RECORDS FOR THE TASK:
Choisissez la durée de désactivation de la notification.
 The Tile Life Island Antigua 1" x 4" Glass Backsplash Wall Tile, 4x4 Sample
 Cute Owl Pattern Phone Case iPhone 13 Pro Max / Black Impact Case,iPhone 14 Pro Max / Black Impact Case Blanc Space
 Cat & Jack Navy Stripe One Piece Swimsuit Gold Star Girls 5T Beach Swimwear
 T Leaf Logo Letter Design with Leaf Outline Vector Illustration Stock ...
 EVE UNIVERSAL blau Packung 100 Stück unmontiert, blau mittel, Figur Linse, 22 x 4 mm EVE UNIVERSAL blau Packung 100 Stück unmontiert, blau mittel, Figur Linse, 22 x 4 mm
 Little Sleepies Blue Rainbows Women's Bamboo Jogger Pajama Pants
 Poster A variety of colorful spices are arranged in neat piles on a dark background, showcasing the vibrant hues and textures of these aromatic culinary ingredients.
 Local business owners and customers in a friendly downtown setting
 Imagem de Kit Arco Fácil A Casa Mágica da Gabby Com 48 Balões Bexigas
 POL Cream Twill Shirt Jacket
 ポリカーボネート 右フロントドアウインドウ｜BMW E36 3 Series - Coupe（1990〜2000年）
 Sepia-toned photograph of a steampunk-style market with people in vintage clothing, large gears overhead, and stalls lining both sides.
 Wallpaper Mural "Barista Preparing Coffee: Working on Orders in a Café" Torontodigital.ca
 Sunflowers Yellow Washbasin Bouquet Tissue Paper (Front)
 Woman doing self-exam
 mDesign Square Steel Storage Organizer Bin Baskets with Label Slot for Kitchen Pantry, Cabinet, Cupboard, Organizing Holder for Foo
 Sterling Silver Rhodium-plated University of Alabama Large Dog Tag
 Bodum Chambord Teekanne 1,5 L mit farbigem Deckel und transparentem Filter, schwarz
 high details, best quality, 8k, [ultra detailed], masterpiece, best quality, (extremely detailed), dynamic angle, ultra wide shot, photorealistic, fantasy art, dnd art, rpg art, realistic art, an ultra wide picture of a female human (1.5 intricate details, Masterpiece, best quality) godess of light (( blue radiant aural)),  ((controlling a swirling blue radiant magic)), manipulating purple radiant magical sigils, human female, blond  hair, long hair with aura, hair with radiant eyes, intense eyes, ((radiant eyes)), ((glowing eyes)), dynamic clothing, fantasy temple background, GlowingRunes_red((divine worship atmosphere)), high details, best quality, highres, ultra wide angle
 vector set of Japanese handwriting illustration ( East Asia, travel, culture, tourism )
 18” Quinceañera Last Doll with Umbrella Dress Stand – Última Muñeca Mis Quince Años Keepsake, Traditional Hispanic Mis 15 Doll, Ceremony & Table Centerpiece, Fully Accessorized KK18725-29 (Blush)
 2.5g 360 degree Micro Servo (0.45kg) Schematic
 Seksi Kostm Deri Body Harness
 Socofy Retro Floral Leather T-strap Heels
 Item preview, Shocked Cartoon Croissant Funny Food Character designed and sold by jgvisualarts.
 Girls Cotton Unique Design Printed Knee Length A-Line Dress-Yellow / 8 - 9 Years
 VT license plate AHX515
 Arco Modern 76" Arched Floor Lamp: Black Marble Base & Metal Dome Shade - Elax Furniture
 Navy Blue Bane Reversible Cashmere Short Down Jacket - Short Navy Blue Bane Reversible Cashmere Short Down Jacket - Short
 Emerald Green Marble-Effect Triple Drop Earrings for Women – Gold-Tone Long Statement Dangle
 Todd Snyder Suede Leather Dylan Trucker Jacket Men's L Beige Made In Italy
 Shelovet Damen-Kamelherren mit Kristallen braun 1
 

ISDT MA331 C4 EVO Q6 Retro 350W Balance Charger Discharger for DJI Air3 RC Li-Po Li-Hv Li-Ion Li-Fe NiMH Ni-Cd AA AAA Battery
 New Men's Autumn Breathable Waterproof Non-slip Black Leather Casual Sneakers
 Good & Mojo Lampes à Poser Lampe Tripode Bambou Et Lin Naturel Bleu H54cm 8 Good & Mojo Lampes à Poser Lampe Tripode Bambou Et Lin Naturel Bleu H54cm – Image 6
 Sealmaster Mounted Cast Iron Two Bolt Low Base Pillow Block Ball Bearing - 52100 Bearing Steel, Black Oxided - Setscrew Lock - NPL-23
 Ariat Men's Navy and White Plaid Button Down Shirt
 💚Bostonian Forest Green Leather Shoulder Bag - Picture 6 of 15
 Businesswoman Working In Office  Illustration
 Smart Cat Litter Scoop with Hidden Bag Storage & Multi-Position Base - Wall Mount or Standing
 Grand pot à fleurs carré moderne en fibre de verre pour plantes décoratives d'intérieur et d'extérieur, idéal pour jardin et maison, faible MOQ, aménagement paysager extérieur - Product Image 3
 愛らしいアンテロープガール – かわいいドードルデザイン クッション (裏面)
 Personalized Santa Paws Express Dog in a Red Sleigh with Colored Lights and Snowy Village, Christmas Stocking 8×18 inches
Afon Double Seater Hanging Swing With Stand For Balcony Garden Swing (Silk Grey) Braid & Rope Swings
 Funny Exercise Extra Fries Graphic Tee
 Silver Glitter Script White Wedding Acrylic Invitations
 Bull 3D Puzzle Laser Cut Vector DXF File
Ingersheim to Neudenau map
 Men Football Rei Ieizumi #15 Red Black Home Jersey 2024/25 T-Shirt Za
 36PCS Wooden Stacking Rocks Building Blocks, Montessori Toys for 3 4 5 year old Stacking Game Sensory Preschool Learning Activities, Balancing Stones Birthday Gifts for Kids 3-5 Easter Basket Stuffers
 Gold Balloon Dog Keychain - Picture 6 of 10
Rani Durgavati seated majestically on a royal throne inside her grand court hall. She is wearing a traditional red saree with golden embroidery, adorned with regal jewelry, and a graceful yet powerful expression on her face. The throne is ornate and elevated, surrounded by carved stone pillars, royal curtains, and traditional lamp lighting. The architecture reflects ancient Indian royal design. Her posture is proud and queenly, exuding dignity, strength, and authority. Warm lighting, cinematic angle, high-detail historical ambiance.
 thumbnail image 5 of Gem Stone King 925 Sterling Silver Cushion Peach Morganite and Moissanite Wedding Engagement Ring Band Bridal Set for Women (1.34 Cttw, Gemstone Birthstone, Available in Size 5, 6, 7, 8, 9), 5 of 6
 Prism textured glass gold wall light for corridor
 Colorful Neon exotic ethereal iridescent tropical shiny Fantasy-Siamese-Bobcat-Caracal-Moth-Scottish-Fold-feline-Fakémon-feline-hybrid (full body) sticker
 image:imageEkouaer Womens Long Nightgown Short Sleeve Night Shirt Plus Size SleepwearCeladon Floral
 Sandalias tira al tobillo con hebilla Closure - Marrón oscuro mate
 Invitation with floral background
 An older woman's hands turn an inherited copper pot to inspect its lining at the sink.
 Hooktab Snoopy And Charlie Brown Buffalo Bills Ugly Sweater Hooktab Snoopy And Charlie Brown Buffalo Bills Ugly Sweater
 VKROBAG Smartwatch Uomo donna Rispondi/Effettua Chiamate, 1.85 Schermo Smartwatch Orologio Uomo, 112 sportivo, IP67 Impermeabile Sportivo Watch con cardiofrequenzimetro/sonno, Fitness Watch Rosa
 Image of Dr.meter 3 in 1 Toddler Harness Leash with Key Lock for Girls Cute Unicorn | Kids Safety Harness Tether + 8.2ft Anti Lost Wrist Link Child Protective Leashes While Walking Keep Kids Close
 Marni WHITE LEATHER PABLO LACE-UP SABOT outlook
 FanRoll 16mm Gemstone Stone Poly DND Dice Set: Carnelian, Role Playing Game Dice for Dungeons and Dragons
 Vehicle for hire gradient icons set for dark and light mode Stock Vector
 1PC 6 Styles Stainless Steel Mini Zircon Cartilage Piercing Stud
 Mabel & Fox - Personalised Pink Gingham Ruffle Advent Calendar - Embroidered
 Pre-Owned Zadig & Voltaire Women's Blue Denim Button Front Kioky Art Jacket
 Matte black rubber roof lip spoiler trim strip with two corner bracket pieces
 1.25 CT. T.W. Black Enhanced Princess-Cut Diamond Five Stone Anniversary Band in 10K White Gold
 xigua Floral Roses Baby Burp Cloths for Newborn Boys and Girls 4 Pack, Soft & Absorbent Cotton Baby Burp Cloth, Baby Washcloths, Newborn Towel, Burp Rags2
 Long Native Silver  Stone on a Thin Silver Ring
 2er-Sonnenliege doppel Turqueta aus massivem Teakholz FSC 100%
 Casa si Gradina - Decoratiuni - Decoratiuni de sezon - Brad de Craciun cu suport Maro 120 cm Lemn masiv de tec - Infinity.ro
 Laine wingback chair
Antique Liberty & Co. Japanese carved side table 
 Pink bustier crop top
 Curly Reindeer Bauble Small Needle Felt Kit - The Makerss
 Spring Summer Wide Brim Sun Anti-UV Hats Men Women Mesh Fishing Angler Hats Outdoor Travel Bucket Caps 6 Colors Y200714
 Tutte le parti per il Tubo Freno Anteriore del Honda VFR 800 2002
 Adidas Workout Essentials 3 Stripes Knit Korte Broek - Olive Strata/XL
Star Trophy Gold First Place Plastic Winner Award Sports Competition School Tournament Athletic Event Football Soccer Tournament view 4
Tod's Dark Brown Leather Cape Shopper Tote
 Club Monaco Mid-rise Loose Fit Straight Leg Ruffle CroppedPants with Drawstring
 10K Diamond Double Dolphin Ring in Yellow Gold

YOUR INSTRUCTIONS:
Write out exactly the lines above from the line with "Businesswoman Working In" through the line with "愛らしいアンテロープガール – かわいいドードルデザイン クッション (裏面)", both of them included, and leave out all other lines.

OUTPUT BELOW:
 Businesswoman Working In Office  Illustration
 Smart Cat Litter Scoop with Hidden Bag Storage & Multi-Position Base - Wall Mount or Standing
 Grand pot à fleurs carré moderne en fibre de verre pour plantes décoratives d'intérieur et d'extérieur, idéal pour jardin et maison, faible MOQ, aménagement paysager extérieur - Product Image 3
 愛らしいアンテロープガール – かわいいドードルデザイン クッション (裏面)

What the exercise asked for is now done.